Extracted records
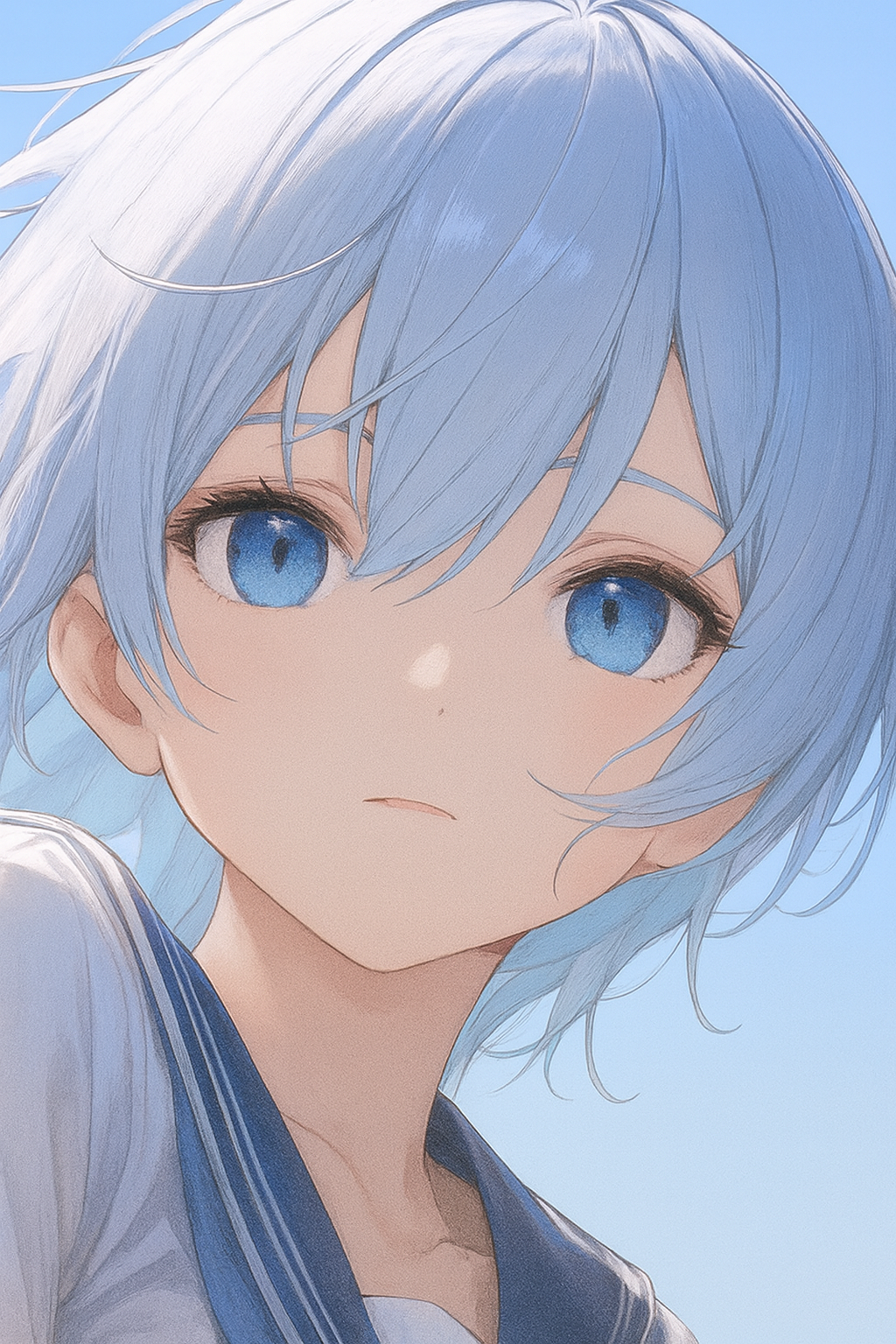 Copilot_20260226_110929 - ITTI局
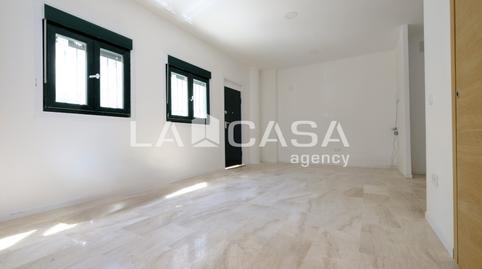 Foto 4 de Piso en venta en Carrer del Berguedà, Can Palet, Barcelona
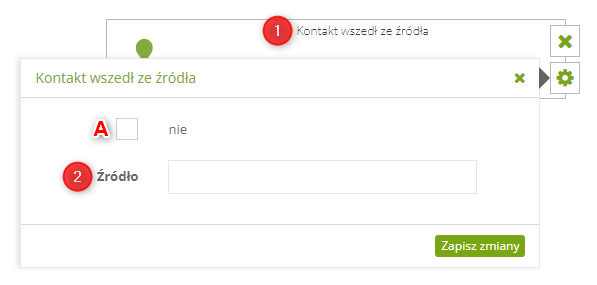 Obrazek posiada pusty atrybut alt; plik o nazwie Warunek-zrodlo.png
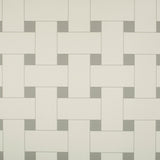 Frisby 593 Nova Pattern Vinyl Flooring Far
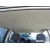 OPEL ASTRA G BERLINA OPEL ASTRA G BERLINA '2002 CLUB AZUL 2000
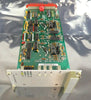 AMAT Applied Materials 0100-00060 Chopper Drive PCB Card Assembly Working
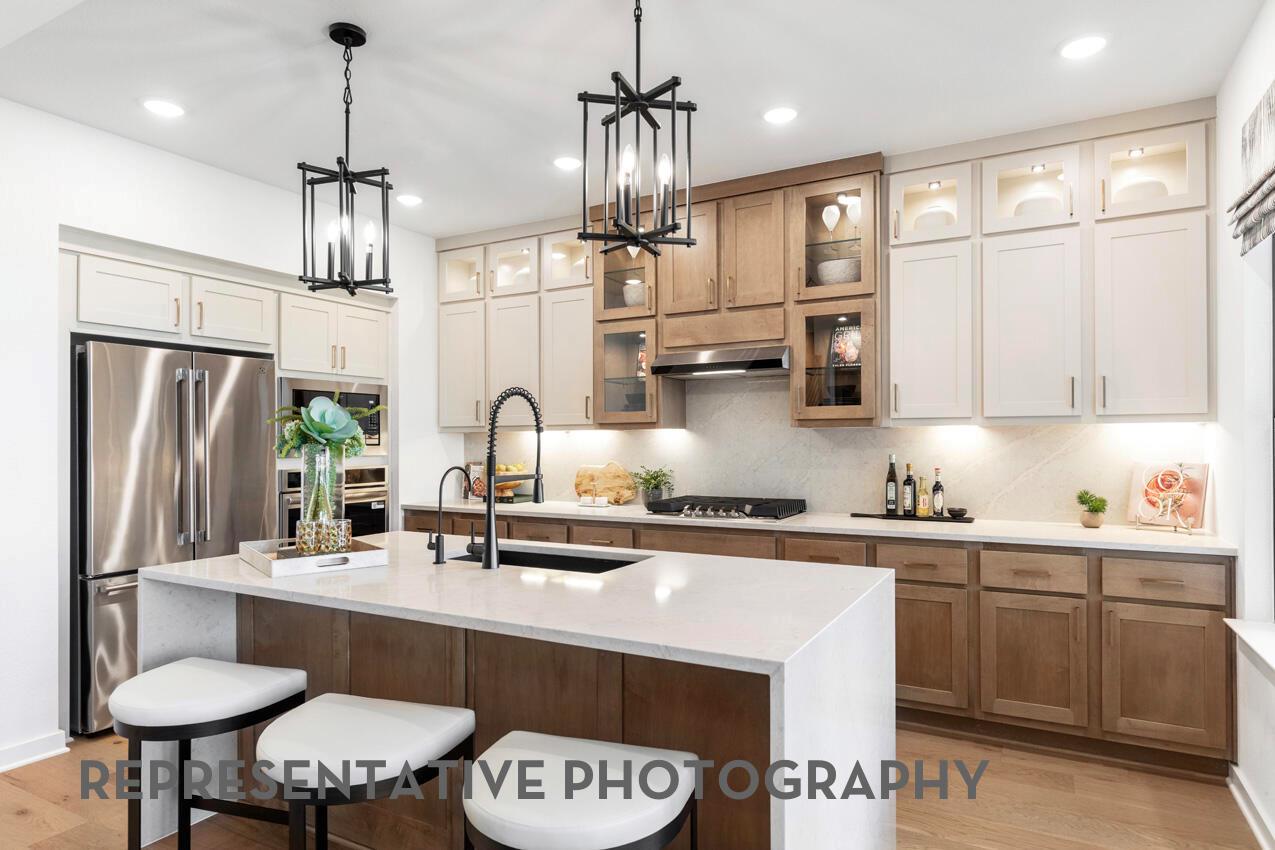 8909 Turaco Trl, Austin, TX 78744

Problem description:
Since pictures are not part of the copy, set down only the remaining data exactly.

Task result:
 Copilot_20260226_110929 - ITTI局
 Foto 4 de Piso en venta en Carrer del Berguedà, Can Palet, Barcelona
 Obrazek posiada pusty atrybut alt; plik o nazwie Warunek-zrodlo.png
 Frisby 593 Nova Pattern Vinyl Flooring Far
 OPEL ASTRA G BERLINA OPEL ASTRA G BERLINA '2002 CLUB AZUL 2000
 AMAT Applied Materials 0100-00060 Chopper Drive PCB Card Assembly Working
 8909 Turaco Trl, Austin, TX 78744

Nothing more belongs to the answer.